Thread: Hardware/OS recommendations for large databases (5TB)
Does anyone have recommendations for hardware and/or OS to work with around 5TB datasets?
The data is for analysis, so there is virtually no inserting besides a big bulk load. Analysis involves full-database aggregations - mostly basic arithmetic and grouping. In addition, much smaller subsets of data would be pulled and stored to separate databases.

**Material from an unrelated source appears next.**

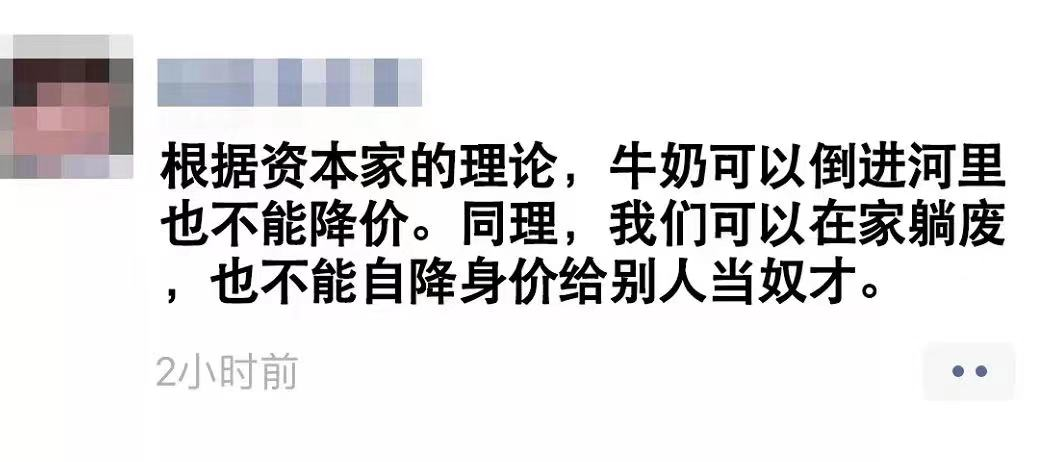 轻松一秒:一些值得一看的真人漫改,你想看第几部 轻松一秒:一些值得一看的真人漫改,你想看第几部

I have been working with datasets no bigger than around 30GB, and that (I'm afraid to admit) has been in MSSQL.
Thanks,
Adam
> Does anyone have recommendations for hardware and/or OS to work with around > 5TB datasets? Hardware-wise I'd say dual core opterons. One dual-core-opteron performs better than two single-core at the same speed. Tyan makes some boards that have four sockets, thereby giving you 8 cpu's (if you need that many). Sun and HP also makes nice hardware although the Tyan board is more competetive priced. OS wise I would choose the FreeBSD amd64 port but partititions larger than 2 TB needs some special care, using gpt rather than disklabel etc., tools like fsck may not be able to completely check partitions larger than 2 TB. Linux or Solaris with either LVM or Veritas FS sounds like candidates. > I have been working with datasets no bigger than around 30GB, and that (I'm > afraid to admit) has been in MSSQL. Well, our data are just below 30 GB so I can't help you there :-) regards Claus
> Hardware-wise I'd say dual core opterons. One dual-core-opteron > performs better than two single-core at the same speed. Tyan makes > some boards that have four sockets, thereby giving you 8 cpu's (if you > need that many). Sun and HP also makes nice hardware although the Tyan > board is more competetive priced. just FYI: tyan makes a 8 socket motherboard (up to 16 cores!): http://www.swt.com/vx50.html It can be loaded with up to 128 gb memory if all the sockets are filled :). Merlin
On Nov 15, 2005, at 3:28 AM, Claus Guttesen wrote: > Hardware-wise I'd say dual core opterons. One dual-core-opteron > performs better than two single-core at the same speed. Tyan makes at 5TB data, i'd vote that the application is disk I/O bound, and the difference in CPU speed at the level of dual opteron vs. dual-core opteron is not gonna be noticed. to maximize disk, try getting a dedicated high-end disk system like nstor or netapp file servers hooked up to fiber channel, then use a good high-end fiber channel controller like one from LSI. and go with FreeBSD amd64 port. It is *way* fast, especially the FreeBSD 6.0 disk system.
> at 5TB data, i'd vote that the application is disk I/O bound, and the > difference in CPU speed at the level of dual opteron vs. dual-core > opteron is not gonna be noticed. > > to maximize disk, try getting a dedicated high-end disk system like > nstor or netapp file servers hooked up to fiber channel, then use a > good high-end fiber channel controller like one from LSI. > > and go with FreeBSD amd64 port. It is *way* fast, especially the > FreeBSD 6.0 disk system. I'm (also) FreeBSD-biased but I'm not shure whether the 5 TB fs will work so well if tools like fsck are needed. Gvinum could be one option but I don't have any experience in that area. regards Claus
On Nov 16, 2005, at 4:50 PM, Claus Guttesen wrote: > I'm (also) FreeBSD-biased but I'm not shure whether the 5 TB fs will > work so well if tools like fsck are needed. Gvinum could be one option > but I don't have any experience in that area. Then look into an external filer and mount via NFS. Then it is not FreeBSD's responsibility to manage the volume.